Die Tode Krispins und die 50 Milliarden Toten (so Marrak in seinem Nachwort), die die Duat bevölkern, werfen allerdings eine Parallele zum Roman DIE FLUSSWELT DER ZEIT von Philip José Farmer auf. Dort waren es zwar „nur“ 36 Milliarden Tote, die in der Flußwelt reproduziert werden, und der Protagonist des Romans stirbt, zugegeben, mehr Tode als Hippolyt Krispin auf seinem Weg aus der Duat hinaus. Sowohl in MORPHOGENESIS als auch in DIE FLUSSWELT DER ZEIT besitzt die Handlung einen kosmischen Hintergrund; das Ziel, das in MORPHOGENESIS verfolgt wird, ist aber ein gänzlich anderes als das in der Flußwelt. Außerdem stehen in DIE FLUSSWELT DER ZEIT eher die Protagonisten, weniger der Handlungsort im Vordergrund.

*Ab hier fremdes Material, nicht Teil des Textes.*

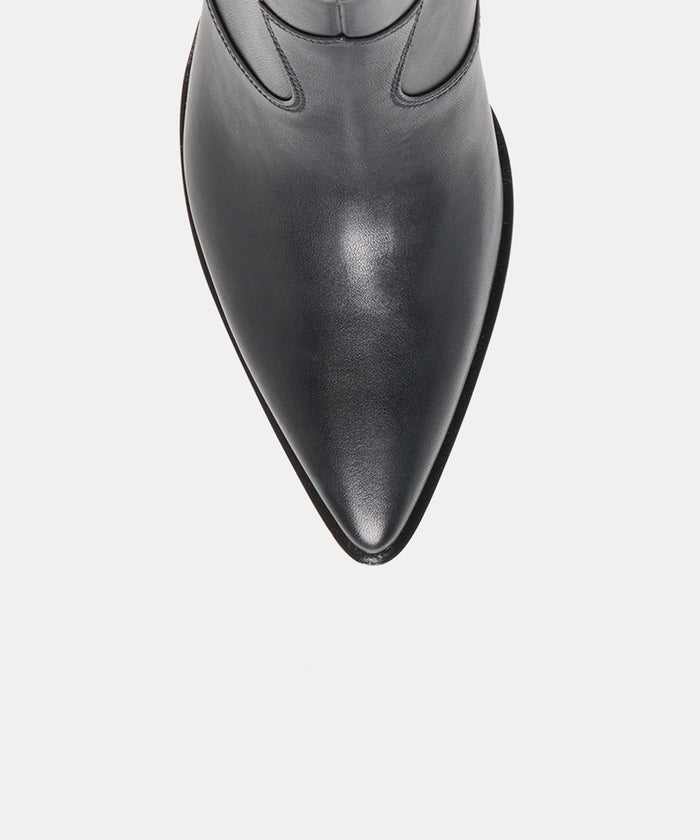 ASHTIN BOOTIES BLACK LEATHER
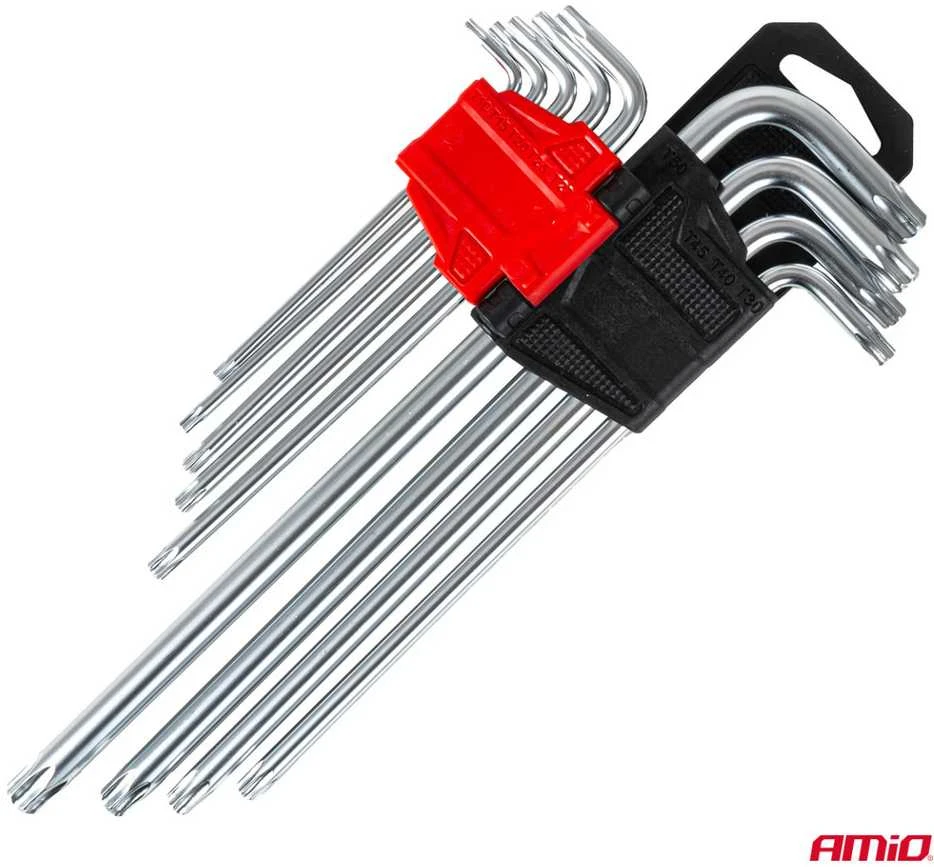 Ilgieji TORX raktai, 230 mm, 9 vnt. TKL AMIO-01039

MORPHOGENESIS ist freilich zu umfangreich. Manche Büßerwelten sind zwar originell, der Aufenthalt in ihnen bringt Krispin aber nicht voran. Überflüssig ist auch die Parallelhandlung, die etwa 80 Seiten umfaßt und nur sehr wenige direkte Bezüge zum Hauptgeschehen hat. In der Parallelhandlung wird zwar die Bedeutung von Teilen der ägyptischen Mythologie, die Marrak in dem Roman verwendet, deutlicher, diesen Zweck erfüllt das Glossar aber genauso gut. Davon abgesehen ist MORPHOGENESIS der bislang in sich stimmigste Roman Marraks. Benötige der Autor in LORD GAMMA (Bastei/Lübbe TB 24301) gegen Ende des Romans noch einige Winkelzüge, um die Handlung zu einem befriedigenden Ende zu bringen, stand in IMAGON (Bastei/Lübbe TB 24325) die wissenschaftliche Atmosphäre des Romans seltsam kontrastierend dem Cthulhu-Mythos gegenüber, so ist Marrak in MORPHOGENESIS die Symbiose von Mythologie und Science Fiction hervorragend gelungen.